→ **GIVEN INFORMATION**:
# # # # # # #
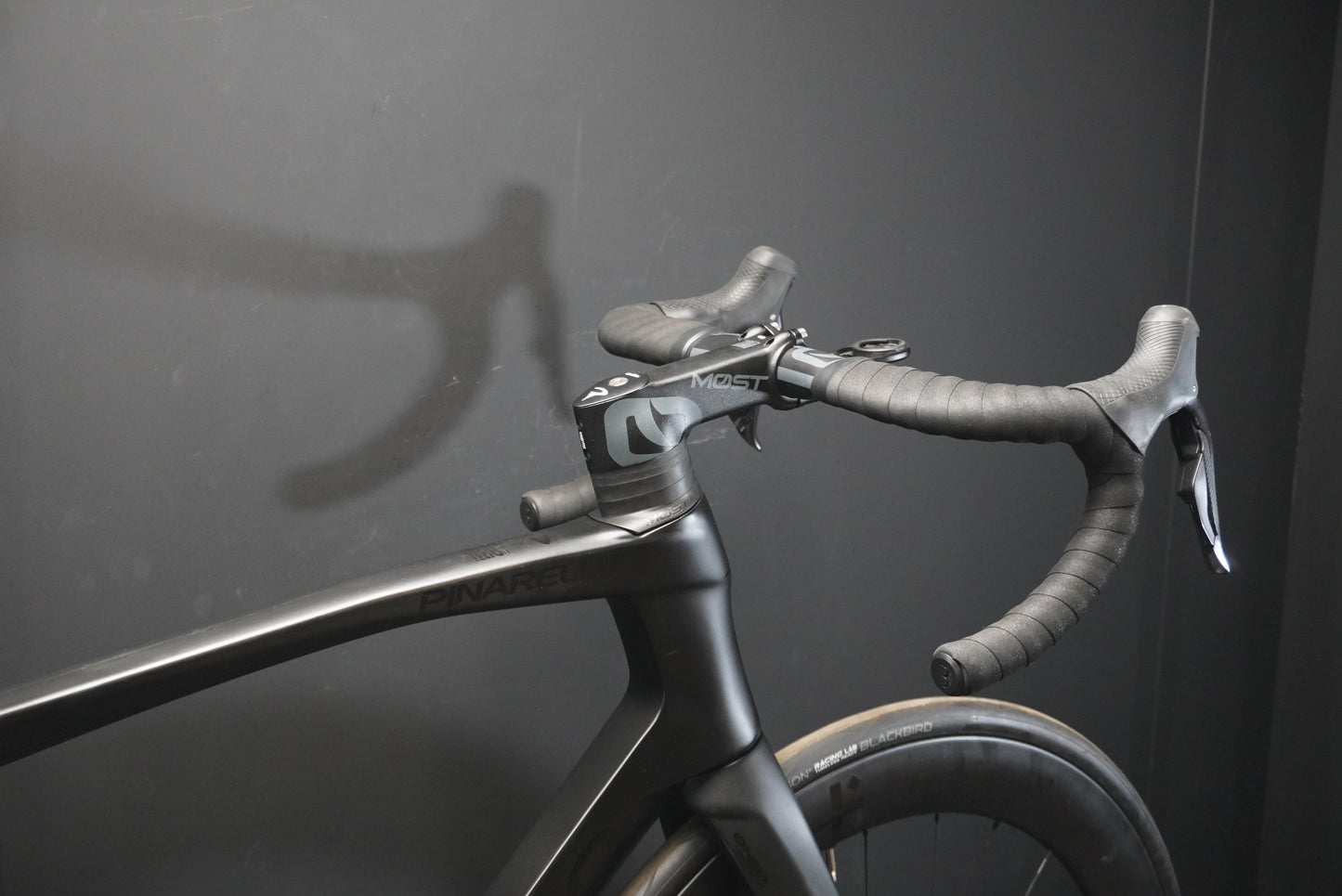 Pinarello Prince Ultegra Di2 Carbon Disc Road Bike 2022 - 560mm
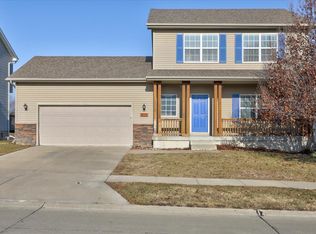 805 SE 12th St, Grimes, IA 50111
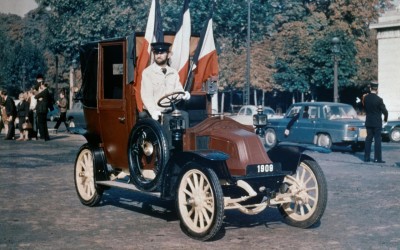 ΤΑΞΙ(ΔΙ) στο χρόνο από τη Renault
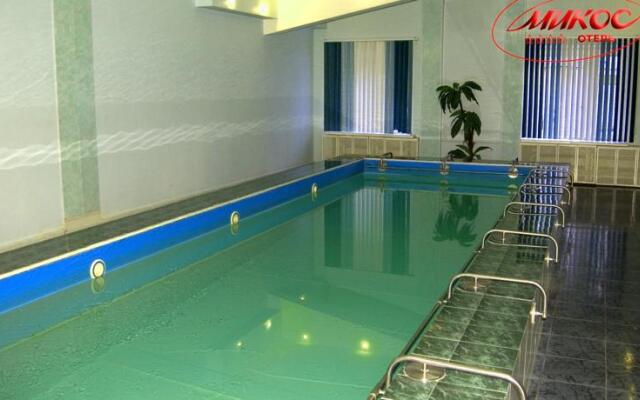 Mikos, Otel'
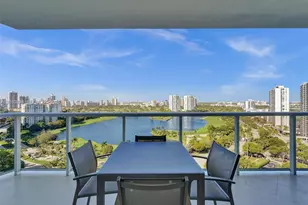 20281 E Country Club Dr, Aventura, FL 33180 - Photo 2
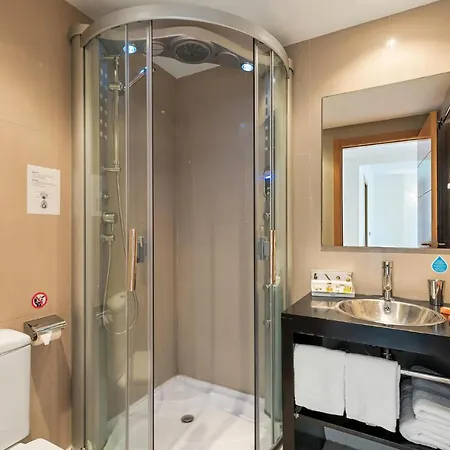 Apartment Stunning In With Kitchenette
# # # # # # #
→ **TASK DIRECTIONS**:
Pictures aside, reproduce the listing above exactly.

→ **THE COMPLETED TASK**:
 Pinarello Prince Ultegra Di2 Carbon Disc Road Bike 2022 - 560mm
 805 SE 12th St, Grimes, IA 50111
 ΤΑΞΙ(ΔΙ) στο χρόνο από τη Renault
 Mikos, Otel'
 20281 E Country Club Dr, Aventura, FL 33180 - Photo 2
 Apartment Stunning In With Kitchenette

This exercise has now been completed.